** Provided records follows **

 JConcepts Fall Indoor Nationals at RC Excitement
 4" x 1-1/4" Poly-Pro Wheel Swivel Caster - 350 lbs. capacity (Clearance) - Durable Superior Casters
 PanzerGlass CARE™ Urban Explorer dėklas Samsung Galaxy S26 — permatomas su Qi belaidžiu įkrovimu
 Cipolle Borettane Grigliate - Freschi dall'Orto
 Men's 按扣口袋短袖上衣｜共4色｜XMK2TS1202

** End of Provided records **
** Provided records follows **

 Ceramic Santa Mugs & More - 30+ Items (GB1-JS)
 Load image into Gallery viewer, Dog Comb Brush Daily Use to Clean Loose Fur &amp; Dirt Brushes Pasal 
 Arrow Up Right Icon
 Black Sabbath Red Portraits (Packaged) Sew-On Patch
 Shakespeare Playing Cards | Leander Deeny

** End of Provided records **

→ **Task details**
Among the entries above, the lines between the ones containing "Ceramic Santa Mugs" and "Shakespeare Playing Cards | Leander Deeny", inclusive, are to be transcribed exactly. No other line is to be given.

→ **Task solution**
 Ceramic Santa Mugs & More - 30+ Items (GB1-JS)
 Load image into Gallery viewer, Dog Comb Brush Daily Use to Clean Loose Fur &amp; Dirt Brushes Pasal 
 Arrow Up Right Icon
 Black Sabbath Red Portraits (Packaged) Sew-On Patch
 Shakespeare Playing Cards | Leander Deeny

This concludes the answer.